In view of the fact that the current legislation involves little about replacing the old with the new, and there are different judgments in different places, in order to avoid the risk of judicial judgment and prevent the guarantor from being exempted from the guarantee responsibility in judicial practice, banks should standardize the loan operation and pay attention to the preservation of evidence. Banks and borrowers borrow new loans to repay old ones. In the case that both old and new loans have guarantors, whether the guarantors are the same person or different people, it is necessary to specify whether "borrowing new loans to repay old ones" or "repaying loans with loans" in the purpose of the loan contract, or let the guarantors know whether the loans made by banks and borrowers are borrowed new ones to repay old ones when signing the contract.

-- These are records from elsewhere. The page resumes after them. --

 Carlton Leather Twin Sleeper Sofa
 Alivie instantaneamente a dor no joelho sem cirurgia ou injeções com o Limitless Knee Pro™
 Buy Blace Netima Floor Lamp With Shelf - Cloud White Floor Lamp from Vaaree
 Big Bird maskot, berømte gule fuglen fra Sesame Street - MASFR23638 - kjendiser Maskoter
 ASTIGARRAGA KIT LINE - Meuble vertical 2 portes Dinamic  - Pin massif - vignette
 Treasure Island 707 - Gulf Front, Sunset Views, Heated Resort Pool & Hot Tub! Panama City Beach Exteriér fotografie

(3) Implement safeguard measures
Due to the particularity of borrowing the new and returning the old, the guarantee of the loan must ensure its effectiveness. If the original loan is a secured loan, you need to go through the guarantee procedures again. The risk of the new guarantee method cannot be higher than that of the original guarantee method. If the original loan is not guaranteed, it is necessary to issue a new guarantee to ensure that the guarantee is fully effective.
(4) Carefully deduct the guarantor's deposit account.

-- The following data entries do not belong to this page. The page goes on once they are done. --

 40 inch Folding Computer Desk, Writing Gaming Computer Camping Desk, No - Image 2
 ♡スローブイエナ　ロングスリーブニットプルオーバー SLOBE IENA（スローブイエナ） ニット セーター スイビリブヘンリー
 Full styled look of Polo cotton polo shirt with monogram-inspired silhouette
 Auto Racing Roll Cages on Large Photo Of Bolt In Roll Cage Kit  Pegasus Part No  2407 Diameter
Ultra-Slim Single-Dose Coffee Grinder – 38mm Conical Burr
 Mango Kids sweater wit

In the bank loan business, in order to recover the loan safely and quickly, the bank usually directly deducts the loan principal and interest from the debtor's deposit account, but the bank must pay attention to the legality and evidence when directly deducting. It is suggested that the bank must reach a deduction agreement with the debtor before directly deducting the loan principal and interest, and keep written evidence, such as the authorization letter for entrusted transfer payment or the deduction agreement.
3. Why do individuals and banks lose?
There is not enough evidence to show that the bank is at fault.
Fourth, seek the case that the bank lost the case.
Hehe, there are more cases in which banks lose cases, and the case books in bookstores are ten cents a dozen.